Various divisions were sold to other companies by the mid-1970s. Rockwell International acquired the company in 1973, selling the appliance operations to Magic Chef, which was later sold to Maytag; in turn, Maytag was later acquired by Whirlpool.

The Milwaukee Admirals hockey team derives its name from Admiral appliances. In 1971, when the team was sold by its original owner to a group of investors, one of the investors, Edwin J. Merar, owned an appliance store; the team was renamed the "Admirals" after the Admiral refrigerators sold in his store.

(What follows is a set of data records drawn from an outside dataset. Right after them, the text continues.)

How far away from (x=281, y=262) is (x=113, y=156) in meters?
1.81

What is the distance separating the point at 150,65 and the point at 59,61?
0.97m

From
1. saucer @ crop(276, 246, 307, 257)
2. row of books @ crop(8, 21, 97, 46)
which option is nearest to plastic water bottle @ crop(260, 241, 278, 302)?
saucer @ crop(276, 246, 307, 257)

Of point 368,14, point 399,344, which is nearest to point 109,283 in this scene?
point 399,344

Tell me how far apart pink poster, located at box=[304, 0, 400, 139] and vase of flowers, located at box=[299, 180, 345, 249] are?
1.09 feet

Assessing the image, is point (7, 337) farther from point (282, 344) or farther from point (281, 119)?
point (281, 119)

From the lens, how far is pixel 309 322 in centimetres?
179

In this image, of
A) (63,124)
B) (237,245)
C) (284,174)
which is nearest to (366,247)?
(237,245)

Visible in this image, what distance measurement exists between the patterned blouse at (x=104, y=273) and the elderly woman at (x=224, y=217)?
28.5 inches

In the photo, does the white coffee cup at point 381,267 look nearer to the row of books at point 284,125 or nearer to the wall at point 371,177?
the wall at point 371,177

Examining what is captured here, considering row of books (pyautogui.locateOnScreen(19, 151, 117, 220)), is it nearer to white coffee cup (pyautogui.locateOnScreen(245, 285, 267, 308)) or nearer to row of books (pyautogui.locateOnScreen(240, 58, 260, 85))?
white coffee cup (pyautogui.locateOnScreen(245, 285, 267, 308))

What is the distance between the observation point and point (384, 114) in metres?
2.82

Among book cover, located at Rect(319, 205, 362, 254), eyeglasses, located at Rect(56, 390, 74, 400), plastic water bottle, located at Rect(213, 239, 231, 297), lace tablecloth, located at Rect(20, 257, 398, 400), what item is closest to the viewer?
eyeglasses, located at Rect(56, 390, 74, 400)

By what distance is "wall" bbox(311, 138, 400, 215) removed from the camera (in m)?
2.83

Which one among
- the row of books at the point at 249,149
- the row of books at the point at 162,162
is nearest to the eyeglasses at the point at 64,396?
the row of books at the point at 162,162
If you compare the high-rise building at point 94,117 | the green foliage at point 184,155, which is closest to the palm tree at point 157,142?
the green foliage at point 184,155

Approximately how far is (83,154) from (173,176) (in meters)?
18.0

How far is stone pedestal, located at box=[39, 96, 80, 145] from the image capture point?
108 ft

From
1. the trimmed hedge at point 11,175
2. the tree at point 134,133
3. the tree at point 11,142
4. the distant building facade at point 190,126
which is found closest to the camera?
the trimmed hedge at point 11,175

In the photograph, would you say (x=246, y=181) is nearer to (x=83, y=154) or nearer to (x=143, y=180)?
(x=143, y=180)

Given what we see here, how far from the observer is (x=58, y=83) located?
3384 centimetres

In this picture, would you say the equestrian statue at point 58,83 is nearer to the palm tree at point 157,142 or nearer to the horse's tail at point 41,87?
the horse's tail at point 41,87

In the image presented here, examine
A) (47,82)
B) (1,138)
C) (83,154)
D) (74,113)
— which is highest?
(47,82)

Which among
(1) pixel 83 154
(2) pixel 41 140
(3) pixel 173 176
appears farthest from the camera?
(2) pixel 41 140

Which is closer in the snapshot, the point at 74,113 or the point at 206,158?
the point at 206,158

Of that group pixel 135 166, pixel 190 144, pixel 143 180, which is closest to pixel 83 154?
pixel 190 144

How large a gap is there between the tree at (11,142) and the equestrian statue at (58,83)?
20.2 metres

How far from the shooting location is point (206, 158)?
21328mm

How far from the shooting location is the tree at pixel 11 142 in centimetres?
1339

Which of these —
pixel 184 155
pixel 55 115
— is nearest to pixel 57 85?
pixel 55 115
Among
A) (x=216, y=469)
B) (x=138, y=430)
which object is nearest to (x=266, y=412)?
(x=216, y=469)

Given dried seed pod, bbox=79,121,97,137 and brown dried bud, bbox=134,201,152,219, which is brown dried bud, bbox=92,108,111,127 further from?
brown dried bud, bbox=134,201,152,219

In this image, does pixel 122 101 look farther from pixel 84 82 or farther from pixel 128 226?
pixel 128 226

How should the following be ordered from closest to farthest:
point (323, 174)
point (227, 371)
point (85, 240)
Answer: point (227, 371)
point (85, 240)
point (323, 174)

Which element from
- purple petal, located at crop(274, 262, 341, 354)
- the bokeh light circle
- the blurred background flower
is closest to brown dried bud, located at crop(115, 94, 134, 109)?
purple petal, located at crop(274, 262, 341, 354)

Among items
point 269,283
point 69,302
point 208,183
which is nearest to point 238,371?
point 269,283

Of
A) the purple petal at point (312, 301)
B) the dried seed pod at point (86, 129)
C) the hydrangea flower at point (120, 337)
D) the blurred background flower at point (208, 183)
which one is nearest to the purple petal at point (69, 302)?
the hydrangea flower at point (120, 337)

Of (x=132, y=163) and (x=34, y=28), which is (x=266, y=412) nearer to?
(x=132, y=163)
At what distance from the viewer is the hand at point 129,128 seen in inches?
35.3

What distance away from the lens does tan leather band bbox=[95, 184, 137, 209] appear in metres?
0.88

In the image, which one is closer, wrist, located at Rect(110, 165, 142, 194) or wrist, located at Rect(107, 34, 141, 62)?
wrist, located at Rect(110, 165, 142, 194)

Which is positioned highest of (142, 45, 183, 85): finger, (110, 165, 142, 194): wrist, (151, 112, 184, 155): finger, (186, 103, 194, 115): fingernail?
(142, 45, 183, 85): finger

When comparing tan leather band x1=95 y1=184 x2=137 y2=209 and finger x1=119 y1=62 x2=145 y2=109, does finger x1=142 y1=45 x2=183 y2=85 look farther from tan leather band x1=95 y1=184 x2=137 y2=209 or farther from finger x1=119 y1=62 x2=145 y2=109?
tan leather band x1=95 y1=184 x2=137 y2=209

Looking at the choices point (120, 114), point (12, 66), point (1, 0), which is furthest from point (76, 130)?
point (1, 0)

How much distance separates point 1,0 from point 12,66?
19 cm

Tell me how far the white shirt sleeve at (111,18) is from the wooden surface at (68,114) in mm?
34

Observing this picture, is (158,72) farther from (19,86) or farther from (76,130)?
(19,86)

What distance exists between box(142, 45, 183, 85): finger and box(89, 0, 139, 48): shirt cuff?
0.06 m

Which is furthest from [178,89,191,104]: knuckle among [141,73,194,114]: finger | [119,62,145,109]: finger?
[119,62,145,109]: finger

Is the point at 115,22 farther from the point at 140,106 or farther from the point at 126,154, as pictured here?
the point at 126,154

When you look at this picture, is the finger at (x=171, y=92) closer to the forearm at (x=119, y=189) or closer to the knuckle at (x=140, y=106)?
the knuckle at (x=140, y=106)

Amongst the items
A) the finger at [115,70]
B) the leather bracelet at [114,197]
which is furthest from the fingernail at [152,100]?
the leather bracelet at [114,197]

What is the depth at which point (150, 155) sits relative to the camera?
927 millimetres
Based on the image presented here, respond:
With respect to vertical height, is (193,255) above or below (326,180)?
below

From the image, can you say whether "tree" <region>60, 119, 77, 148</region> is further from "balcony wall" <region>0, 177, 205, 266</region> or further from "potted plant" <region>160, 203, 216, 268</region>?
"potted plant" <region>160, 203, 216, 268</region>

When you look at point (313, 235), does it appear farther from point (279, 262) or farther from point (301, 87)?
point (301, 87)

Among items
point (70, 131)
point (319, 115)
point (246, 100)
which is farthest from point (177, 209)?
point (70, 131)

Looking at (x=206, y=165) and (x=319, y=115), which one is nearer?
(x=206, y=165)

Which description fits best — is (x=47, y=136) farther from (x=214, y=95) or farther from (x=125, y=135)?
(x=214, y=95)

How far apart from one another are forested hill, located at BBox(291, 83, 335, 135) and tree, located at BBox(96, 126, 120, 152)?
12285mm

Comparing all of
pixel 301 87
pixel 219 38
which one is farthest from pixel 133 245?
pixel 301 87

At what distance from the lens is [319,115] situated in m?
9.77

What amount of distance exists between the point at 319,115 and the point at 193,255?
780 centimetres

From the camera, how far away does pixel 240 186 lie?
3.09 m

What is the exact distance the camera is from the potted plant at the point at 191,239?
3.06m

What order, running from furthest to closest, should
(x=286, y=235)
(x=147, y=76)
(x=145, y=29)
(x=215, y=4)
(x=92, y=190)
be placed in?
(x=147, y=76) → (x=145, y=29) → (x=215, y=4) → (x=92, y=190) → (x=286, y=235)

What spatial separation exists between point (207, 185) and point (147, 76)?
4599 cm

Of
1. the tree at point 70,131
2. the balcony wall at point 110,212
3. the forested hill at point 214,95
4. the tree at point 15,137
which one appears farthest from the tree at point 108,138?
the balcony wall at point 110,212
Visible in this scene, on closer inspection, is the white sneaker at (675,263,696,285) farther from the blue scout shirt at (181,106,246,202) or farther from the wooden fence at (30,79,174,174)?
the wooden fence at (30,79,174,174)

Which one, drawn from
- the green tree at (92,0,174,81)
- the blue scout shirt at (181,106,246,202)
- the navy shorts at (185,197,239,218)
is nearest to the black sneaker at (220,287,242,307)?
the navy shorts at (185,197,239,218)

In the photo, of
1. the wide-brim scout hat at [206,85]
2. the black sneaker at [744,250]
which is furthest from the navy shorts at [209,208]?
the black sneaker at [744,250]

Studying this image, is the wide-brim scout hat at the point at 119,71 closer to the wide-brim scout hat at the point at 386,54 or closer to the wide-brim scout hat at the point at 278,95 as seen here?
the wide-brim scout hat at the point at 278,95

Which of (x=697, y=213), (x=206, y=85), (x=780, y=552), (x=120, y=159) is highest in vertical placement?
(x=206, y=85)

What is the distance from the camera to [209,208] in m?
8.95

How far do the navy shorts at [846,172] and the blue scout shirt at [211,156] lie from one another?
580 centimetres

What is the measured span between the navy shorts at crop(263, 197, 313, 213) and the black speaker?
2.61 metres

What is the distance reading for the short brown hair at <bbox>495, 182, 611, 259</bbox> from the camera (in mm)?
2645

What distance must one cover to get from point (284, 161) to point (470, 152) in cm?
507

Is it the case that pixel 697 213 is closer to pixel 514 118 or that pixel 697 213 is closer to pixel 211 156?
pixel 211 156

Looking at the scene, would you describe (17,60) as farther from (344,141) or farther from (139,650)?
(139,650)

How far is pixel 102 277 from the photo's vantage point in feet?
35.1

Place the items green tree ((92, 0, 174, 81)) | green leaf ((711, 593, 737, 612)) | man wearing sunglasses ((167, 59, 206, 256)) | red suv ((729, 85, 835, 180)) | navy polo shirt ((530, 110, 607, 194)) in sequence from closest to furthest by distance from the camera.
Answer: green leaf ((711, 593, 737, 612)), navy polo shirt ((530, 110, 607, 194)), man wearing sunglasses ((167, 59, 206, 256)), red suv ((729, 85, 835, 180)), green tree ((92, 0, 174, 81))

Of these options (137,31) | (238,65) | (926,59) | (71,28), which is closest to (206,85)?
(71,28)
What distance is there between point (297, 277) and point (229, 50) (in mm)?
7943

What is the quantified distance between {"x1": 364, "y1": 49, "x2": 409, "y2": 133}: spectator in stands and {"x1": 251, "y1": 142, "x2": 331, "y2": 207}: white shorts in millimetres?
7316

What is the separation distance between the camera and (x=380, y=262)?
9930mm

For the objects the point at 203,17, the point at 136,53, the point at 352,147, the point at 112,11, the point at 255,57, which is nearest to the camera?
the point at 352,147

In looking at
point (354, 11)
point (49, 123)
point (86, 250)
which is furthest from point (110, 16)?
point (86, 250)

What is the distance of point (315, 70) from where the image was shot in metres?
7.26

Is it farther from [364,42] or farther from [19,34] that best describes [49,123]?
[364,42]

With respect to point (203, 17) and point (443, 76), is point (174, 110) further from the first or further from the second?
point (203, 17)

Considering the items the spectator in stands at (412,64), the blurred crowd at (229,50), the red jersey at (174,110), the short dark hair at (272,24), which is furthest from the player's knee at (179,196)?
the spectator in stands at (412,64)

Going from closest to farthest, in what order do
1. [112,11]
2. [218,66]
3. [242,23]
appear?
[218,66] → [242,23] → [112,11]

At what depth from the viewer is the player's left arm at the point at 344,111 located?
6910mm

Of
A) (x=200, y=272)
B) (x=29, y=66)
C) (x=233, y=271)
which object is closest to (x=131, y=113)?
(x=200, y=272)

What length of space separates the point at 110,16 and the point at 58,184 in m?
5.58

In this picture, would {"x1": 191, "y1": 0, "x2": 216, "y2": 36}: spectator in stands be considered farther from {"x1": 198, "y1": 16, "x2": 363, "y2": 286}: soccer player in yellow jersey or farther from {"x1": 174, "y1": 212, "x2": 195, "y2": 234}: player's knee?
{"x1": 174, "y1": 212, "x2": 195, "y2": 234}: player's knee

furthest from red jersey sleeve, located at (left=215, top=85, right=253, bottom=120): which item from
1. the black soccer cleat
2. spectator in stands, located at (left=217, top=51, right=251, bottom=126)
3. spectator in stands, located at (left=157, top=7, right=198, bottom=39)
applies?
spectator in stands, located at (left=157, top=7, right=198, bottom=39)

In 1991, Maytag partnered with Montgomery Ward & Co. for the exclusive utilisation of the Admiral brand on its consumer electronic goods. Montgomery Ward later went bankrupt and closed all its stores. After Maytag's sale to Whirlpool, the brand became exclusive to The Home Depot. During the 1990s, the Admiral brand name was being used on Zenith products, as well as VCRs made by Sharp, also for Montgomery Ward.

The television business continues with AOC International, originally Admiral Overseas Corporation, an international brand of LCD and HDTV display devices.